Bigfoot might have some competition.
An elusive and lesser-known forest predator once eliminated from Pennsylvania was spotted on a trail cam outside Pittsburgh over the summer.
A fisher, an omnivorous and large mammal that’s part of the weasel family, was snapped by the camera while it walked over a grassy log in Murrysville in June — marking an extremely rare and exciting sight to behold.
Fishers, one of the few animals capable of killing and eating porcupines, were completely wiped out of the Keystone State in the late 1800s and early 1900s following years of significant deforestation and unchecked hunting.
Wildlife advocates reintroduced the large weasels to the state in the 1990s and brought nearly 190 fishers they trapped in New Hampshire to six locations in north central Pennsylvania — including one several hours away from Murrysville, the Murrysville Star reported.
The population has been steadily growing since the reintroduction but sightings are still rare as the animals are notoriously stealthy.
Bill Powers, whose trail camera caught the fisher on his Murrysville property on June 16, was shocked to see the beast when he finally uploaded the footage to his computer last month.
“I put the camera on an old fallen log in a remote area and kept it there several months,” Powers told the local newspaper. “I pulled the SD card this week and to my amazement, it captured a photo of a fisher in mid-June.”
He said he often leaves trail cameras — from his company PixCams — out in remote parts of the woods for months before picking them up and seeing what they filmed.
Finding the footage of the fisher was “like Christmas morning,” Powers said in a Facebook post.
“It’s super rare to see one in this area,” he said. “Kind of like finding a needle in a haystack.”
He estimated that the furry critter measures about 3 feet long.
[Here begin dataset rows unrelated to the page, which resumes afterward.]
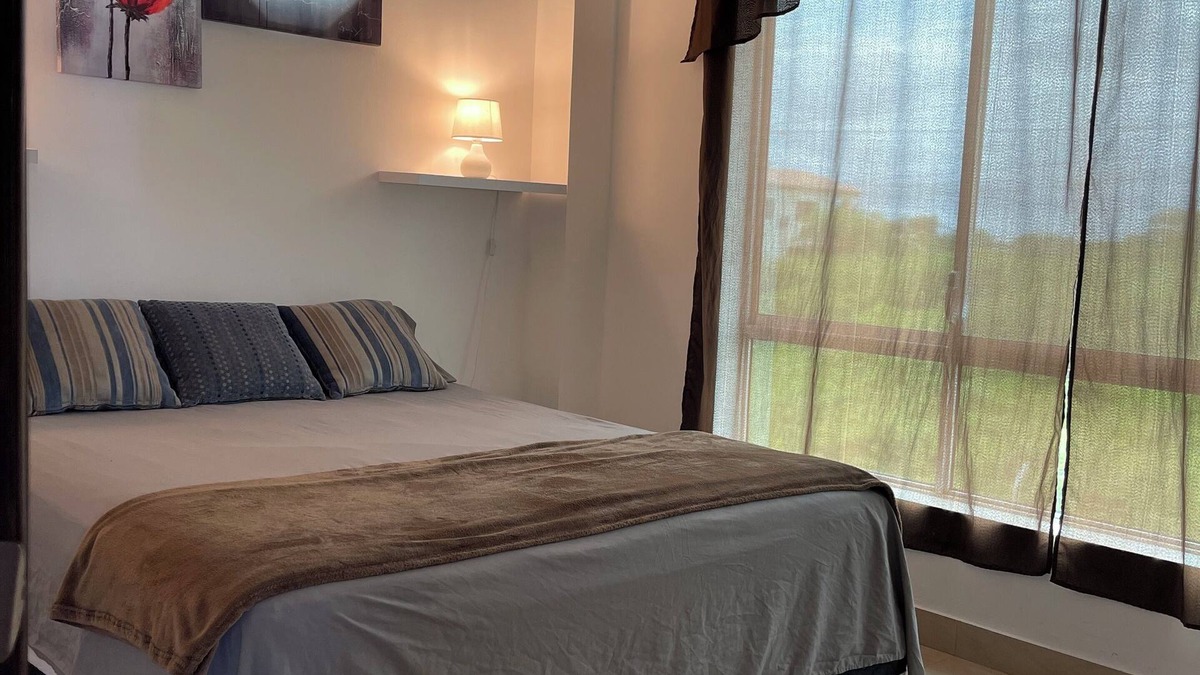 Punta Blanca Apartment | Hermoso departamento 3 min de la playa + piscina + parqueo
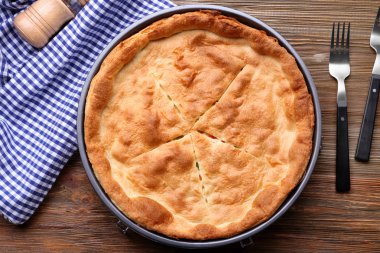 Lezzetli fırında Tavuklu paçanga böreği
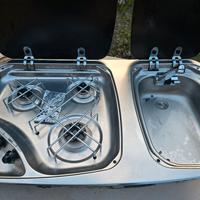 Piano cottura e lavabo per cucina da campeggio 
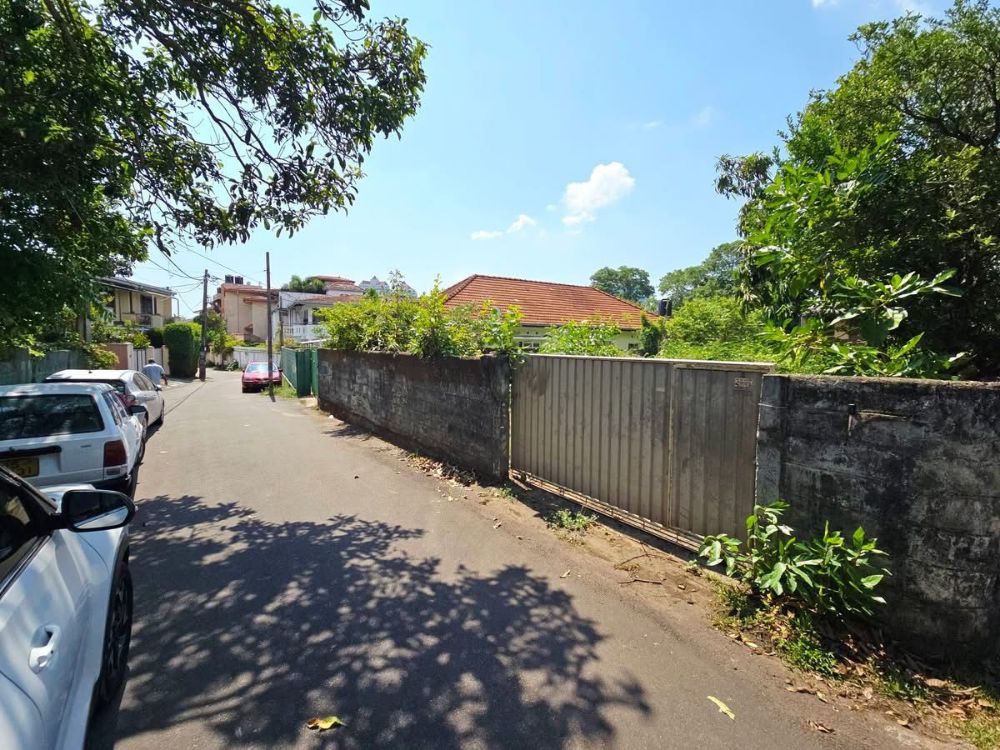 Commercial Land for Sale in Nawala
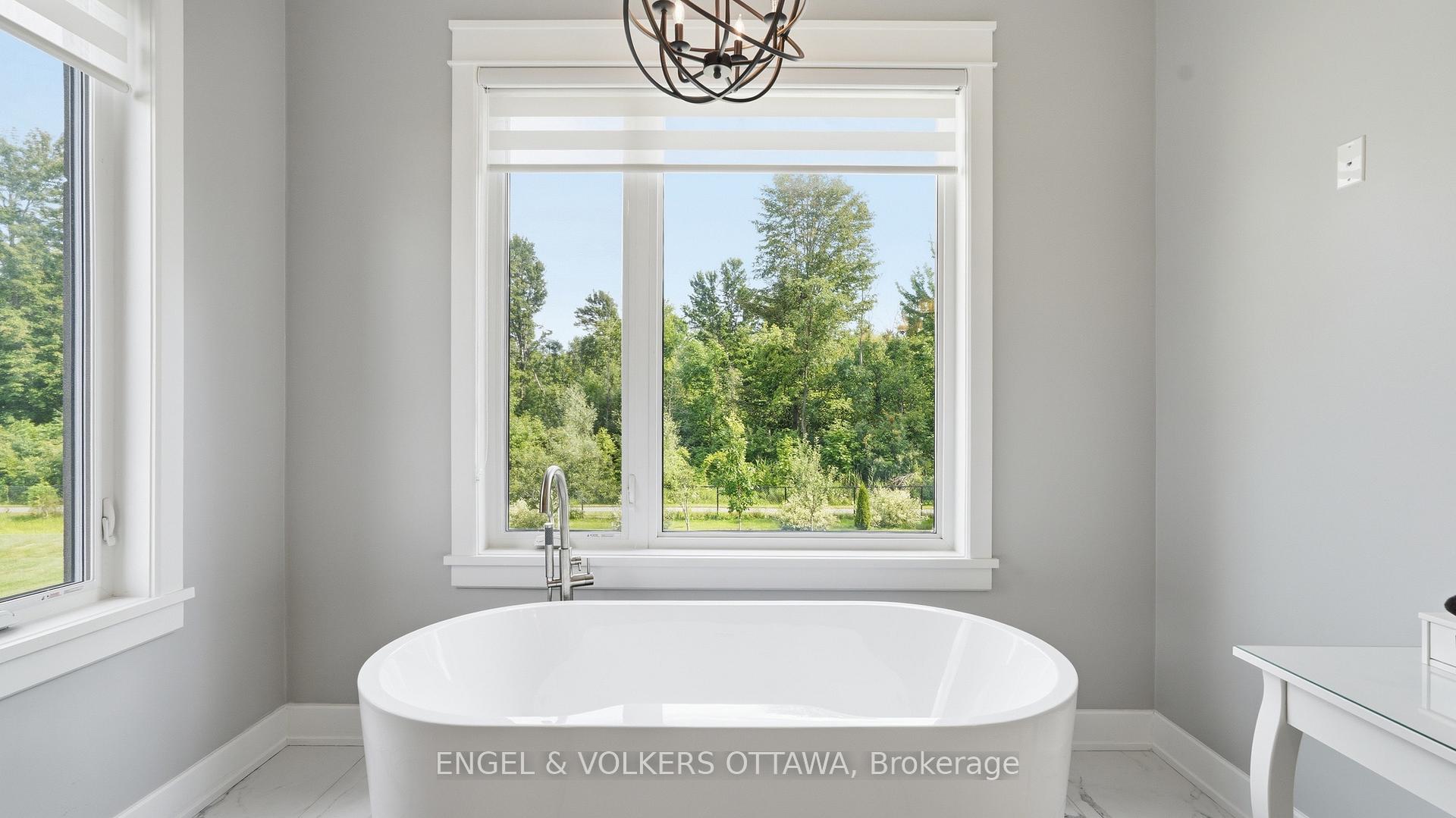 Photo 19 of 517-517B Shoreway Drive, Ottawa, Greely — HOMEH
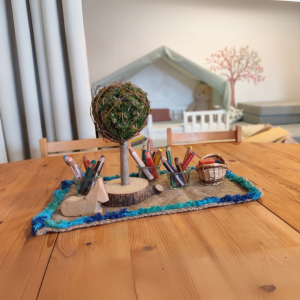 Spieltisch mit Holzbaum, Stiften und Naturmaterialien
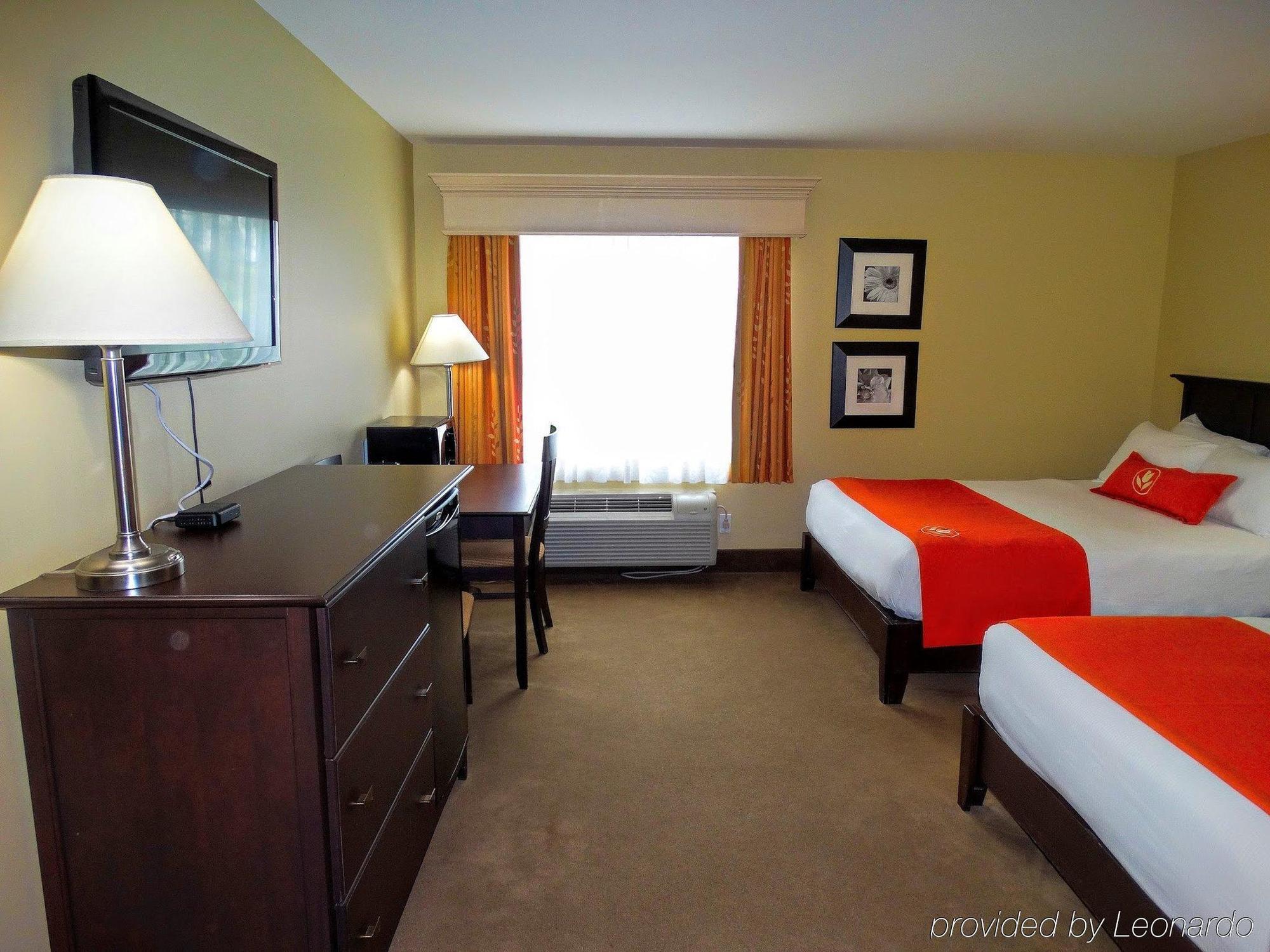 Amsterdam Inn & Suites Сассекс Экстерьер фото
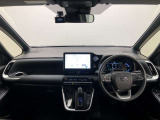 シンプルながら機能性あふれる運転席廻りです。視界性もよく、運転しやすいですよ。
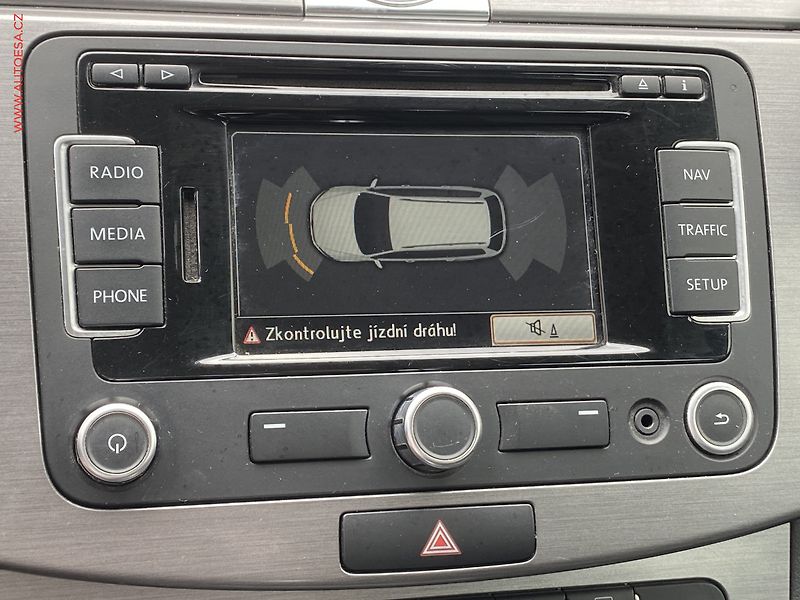 Volkswagen Passat (2012) 1.4 TSi, Comfortline, park - fotka 17 z 18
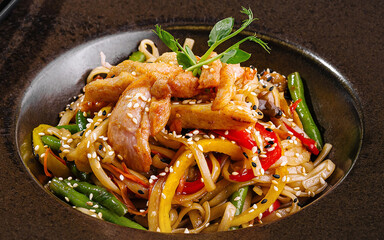Papier peint photo Restaurant Nouilles sautées asiatiques poulet légumes  © AntAlexStudio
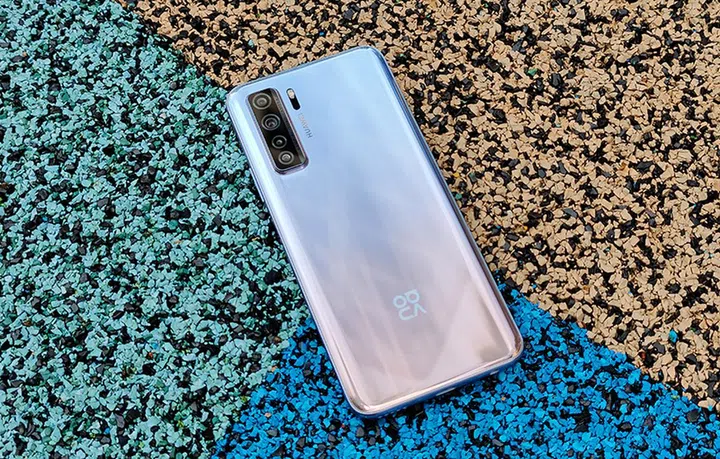 The Huawei Nova 7 SE.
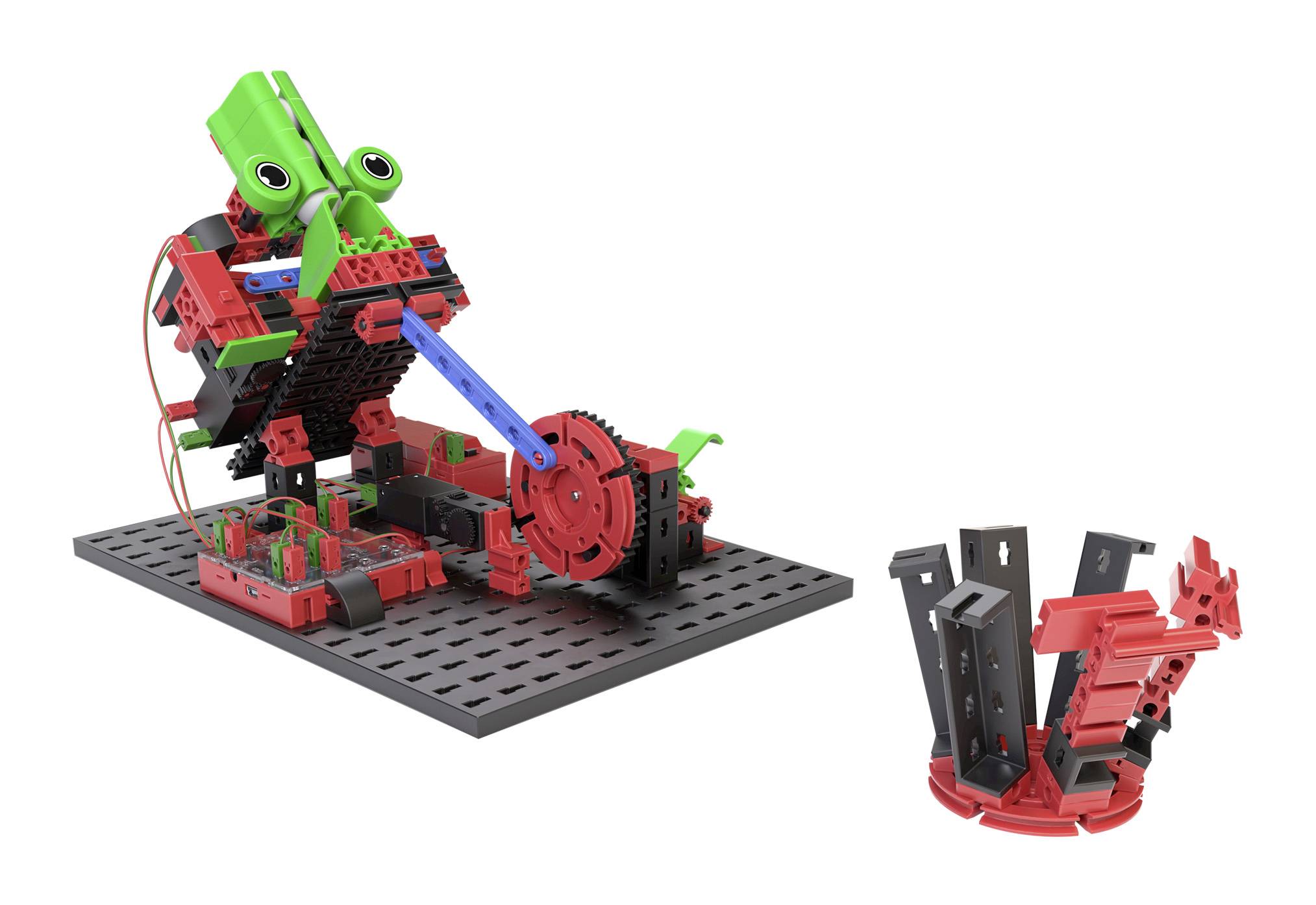 'Robot van rode en zwarte Lego-onderdelen met groene elementen, gemonteerd op een zwarte plaat. Ernaast liggen nog meer onderdelen.'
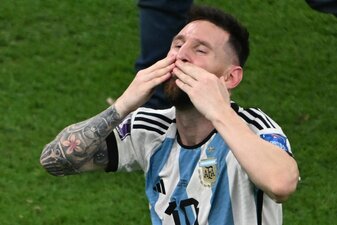 Lionel Messi ist nun auf einer Stufe mit Argentiniens Fußball-Idol Diego Maradona. Lionel Messi ist nun auf einer Stufe mit Argentiniens Fußball-Idol Diego Maradona.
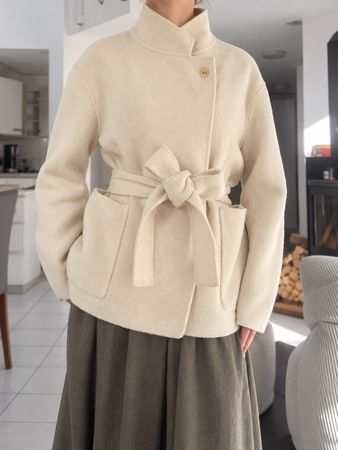 Maje Paris Kurzer Wollmantel ecru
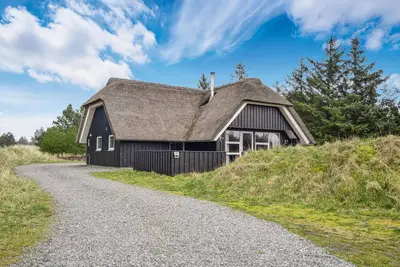 Image de Belle maison à Blåvand avec WiFi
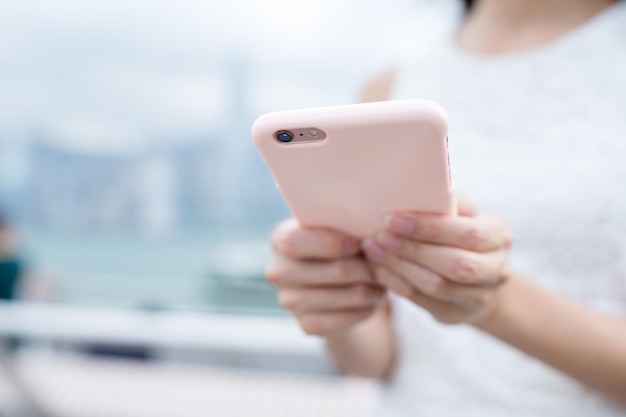 Mujer usando teléfono móvil en línea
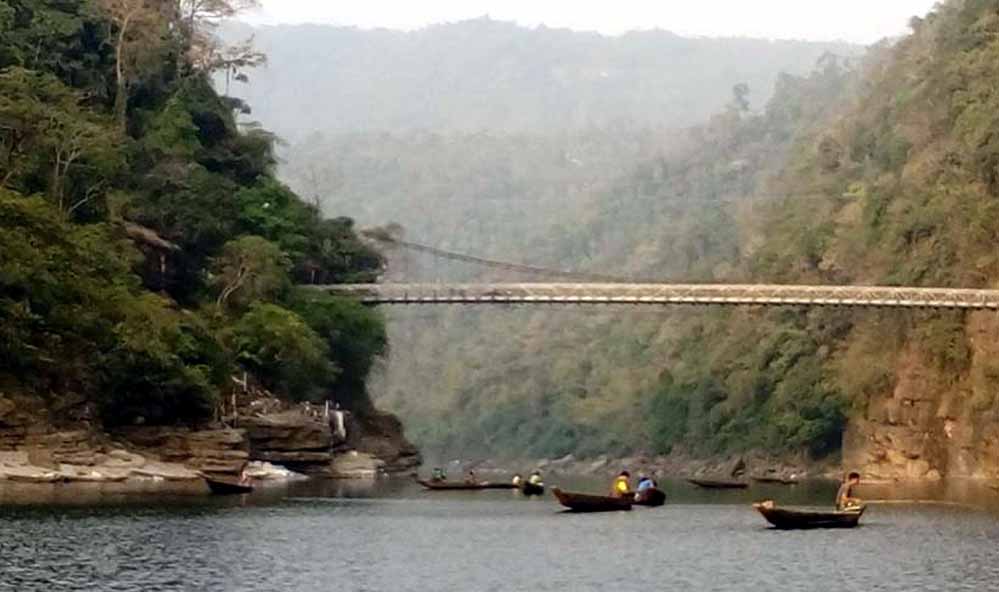 DAWKI: Where Boats Float on Air and Rivers Speak to the Sky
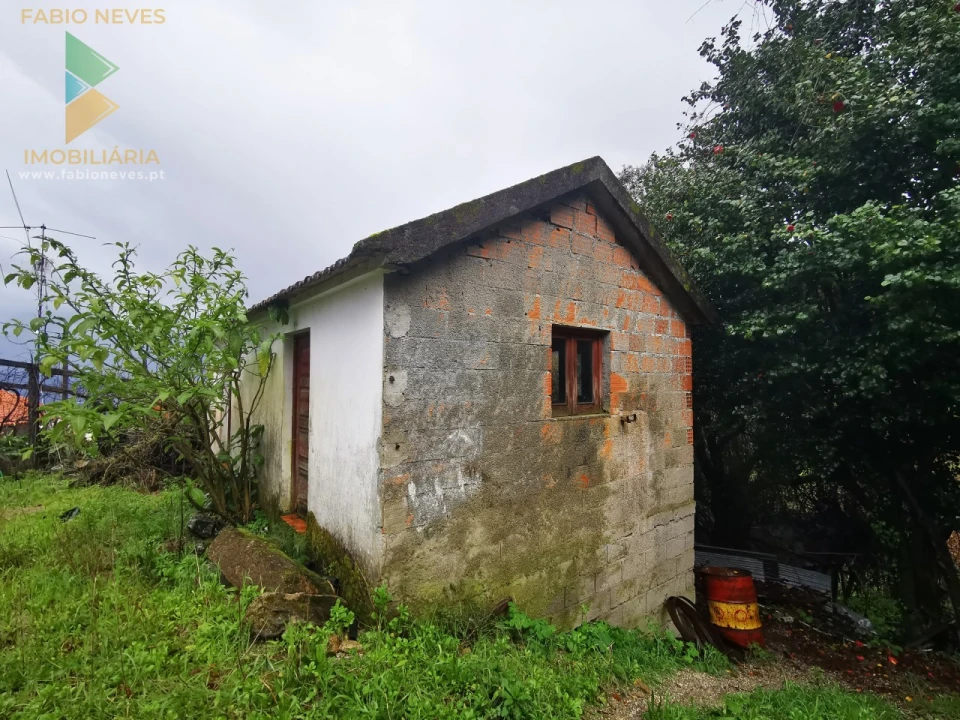 Moradia T2 para Venda em Gondufe Foto 3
Fishers — which are sometimes inaccurately called “fisher cats” — are the second largest member of the weasel family in Pennsylvania and males can grow up to 48 inches long.
Fishers may be smaller than other predators in forests and wooded environments, but they are fierce and deadly beasts.
They often prey on rabbits, squirrels, mice, shrews and birds in addition to a diet of eggs, nuts, acorns, apples and berries.
They are also the only known North American mammal that’s able to kill and eat porcupines — and have even taken down a much larger Canada lynx in Maine, according to a 2018 study.
Despite their name, fishers don’t eat fish.